Wie op 18 jaar in een STEM-richting afstudeert, studeert meestal verder aan een universiteit of een hogeschool. De kans is groot dat die student voor een STEM-opleiding kiest. Verspreid over heel Vlaanderen, beconcurreren de universiteiten en de hogescholen elkaar met een ruim aanbod aan STEM-opleidingen. We kunnen dat vandaag al zien op de achterkant van een aantal bussen van De Lijn.
Die strijd om koppen of studentenaantallen wordt hard gestreden, vooral aan de hogescholen. Het mechanisme van de overheidsfinanciering, in het bijzonder het systeem van de onderwijsbelastingeenheden (OBE’s) of puntengewichten, is hieraan medeplichtig.
De studenten die voor een STEM-georiënteerde professionele bacheloropleiding kiezen, worden in verhouding tot hun collega’s die voor een humane bacheloropleiding kiezen per kop minder gefinancierd. Voor het studiegebied industriële wetenschappen en technologie is een puntengewicht 1,2 van toepassing. De informaticaopleidingen moeten het zelfs stellen met een puntengewicht 1. De opleidingen in de bedrijfswetenschappen zitten ook zeer laag. Ik vermeld ze hier bewust nog eens apart. De bacheloropleidingen in het studiegebied sociaal-agogisch werk, gezondheidszorg en onderwijs worden met de respectievelijke puntengewichten 1,4, 1,6 en 1,6 daarentegen ruimer bedeeld. Het aantrekken van veel studenten voor STEM-opleidingen benadeelt de hogescholen dus financieel. We hebben meer STEM-studenten nodig, maar als die studenten minder in de sociale wetenschappen en meer in de STEM-richtingen zitten, snijdt de hogeschool in haar eigen vel. Dat is een heel raar systeem.
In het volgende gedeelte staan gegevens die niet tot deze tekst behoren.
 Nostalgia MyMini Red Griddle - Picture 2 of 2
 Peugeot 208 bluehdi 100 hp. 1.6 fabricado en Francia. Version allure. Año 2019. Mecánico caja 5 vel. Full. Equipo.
De STEM-opleidingen blijken in de praktijk echter meer te kosten dan wat de overheid ter beschikking stelt. Dat staat haaks op de betrachtingen van het STEM-actieplan 2012-2020. Op bladzijde 36 van dat actieplan staat een interessante zin: “In het kader van voorliggend actieplan zullen afspraken gemaakt worden tussen alle betrokken beleidsdomeinen om de middelen vanuit een gezamenlijke visie in te zetten, over de wijze waarop de middelen ingezet worden en wie welke acties financiert.”
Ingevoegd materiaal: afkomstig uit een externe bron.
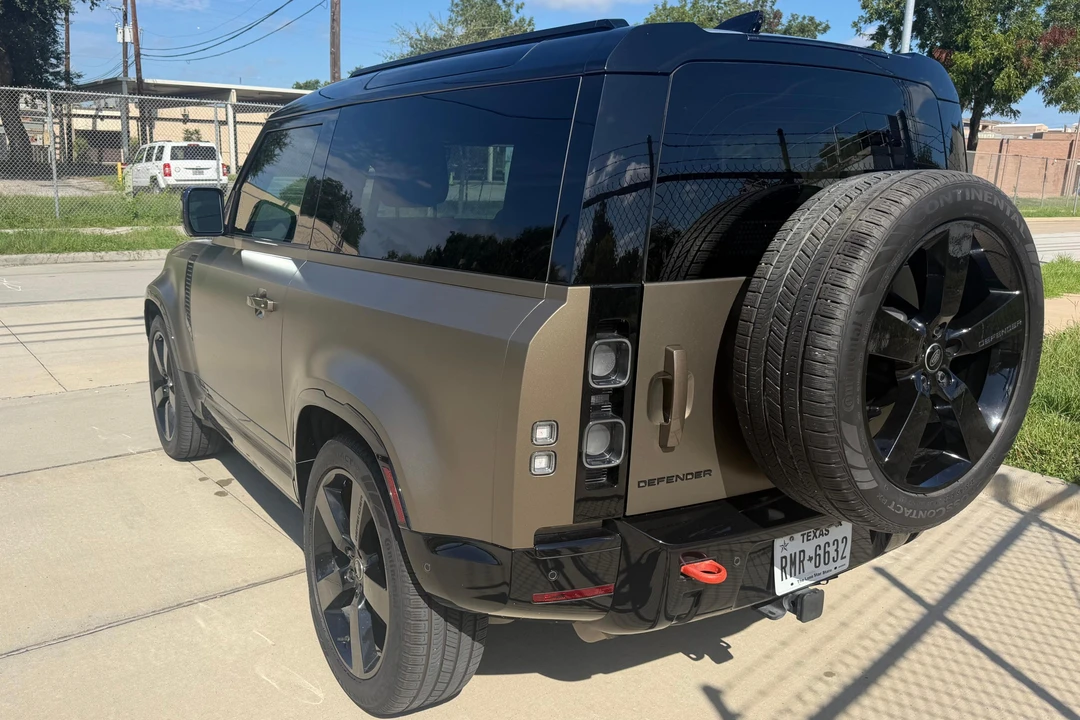2023 Land Rover Defender L663 - Image 5 of 31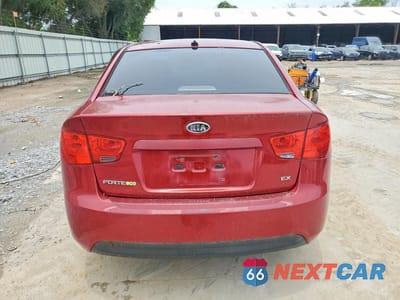 Zdjęcie 6 z 12 samochodu: 2011 KIA FORTE EX VIN:KNAFU4A20B5435268 - miniatura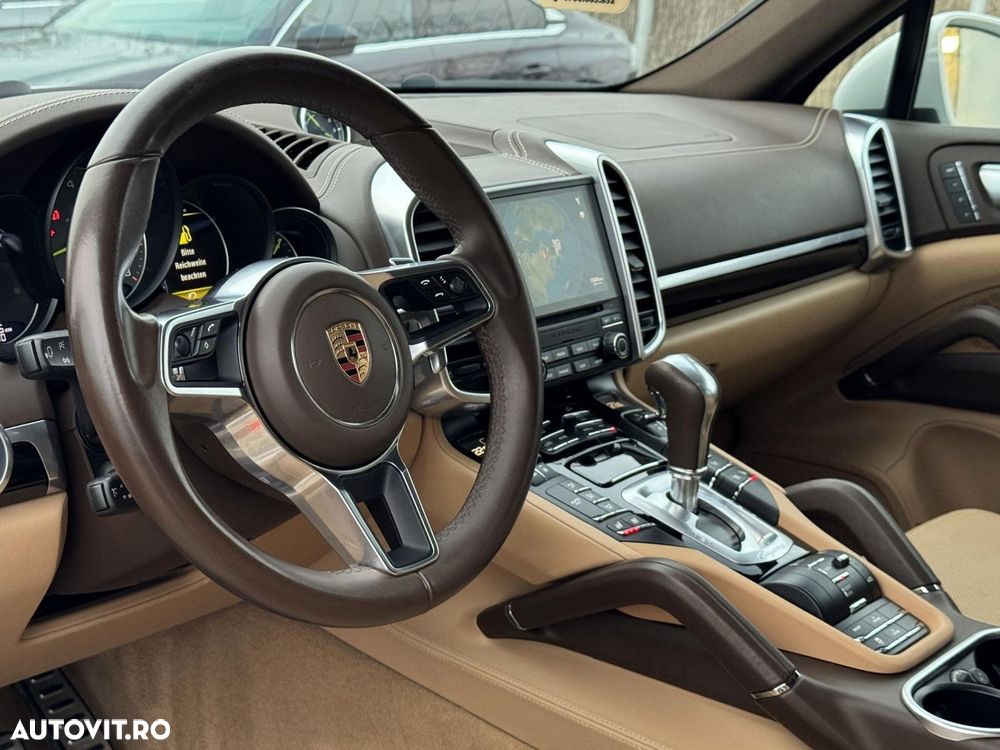 Porsche Cayenne - 5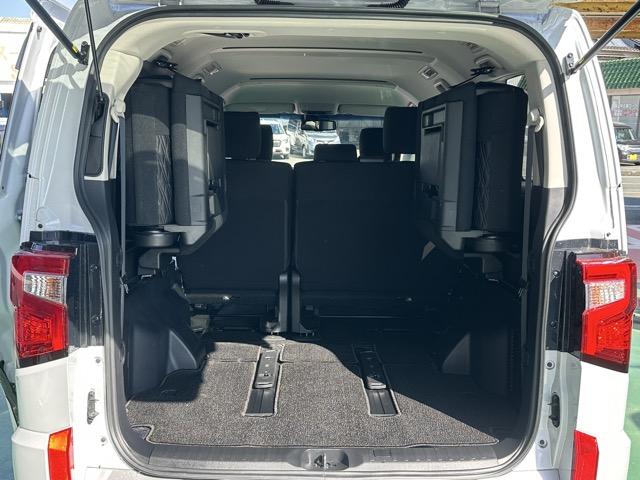 デリカD:5 P 8人乗り ナビ取り付けパッケージII ナビゲーション 全方位カメラ スマートキー LEDヘッドライト 両側パワースライドドア フルオートエアコン シートヒーター パワーバックドア パワーシート(14枚目)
Minister, vindt u niet dat het aan de vooravond van de inkanteling van de graduaatopleidingen aan de hogescholen op 1 september 2019 dringend tijd wordt dat de STEM-georiënteerde richtingen beter worden gefinancierd? De STEM-georiënteerde graduaten kunnen rekenen op een puntengewicht van 1,15 voor handelswetenschappen en bedrijfskunde en van 1,5 voor industriële wetenschappen en technologie. Binnen een en dezelfde hogeschool zal, door die inkanteling, een STEM-student dus meer of minder opbrengen naargelang hij voor een bachelor- of graduaatopleiding kiest. Indien hij voor een masteropleiding zou kiezen, zou hij de universiteit zelfs een puntengewicht van 2 voor de positieve wetenschappen of 3 voor de biomedische wetenschappen opleveren. Dat is een vreemde visie.
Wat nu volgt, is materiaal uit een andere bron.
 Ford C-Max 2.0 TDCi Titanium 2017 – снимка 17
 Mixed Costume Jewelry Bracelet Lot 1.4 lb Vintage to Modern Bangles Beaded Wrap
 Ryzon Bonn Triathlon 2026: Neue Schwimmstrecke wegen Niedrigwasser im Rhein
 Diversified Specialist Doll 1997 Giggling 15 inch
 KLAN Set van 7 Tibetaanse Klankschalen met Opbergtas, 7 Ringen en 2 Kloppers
Ik wil het niet onder stoelen of banken steken. Er is een evaluatie van de financiering van het hoger onderwijs gebeurd. Dat is een zeer interessant document. Ik kan iedereen die in de nieuwe commissie Onderwijs zal starten, aanraden om die evaluatie te lezen want het is vooral een beschrijving van hoe het systeem in elkaar zit. Het vraagt enige aandacht om alle afkortingen te begrijpen, laat staan de ratio die erachter zit. We moeten niet flauw doen: die OBE’s en de getallen die eraan zijn verbonden, zijn in het verleden niet ingevoerd als een afspiegeling van de reële onderwijsbelasting, maar om de toenmalige verhoudingen tussen de verschillende gezindten in het hoger onderwijs gelijk te stellen.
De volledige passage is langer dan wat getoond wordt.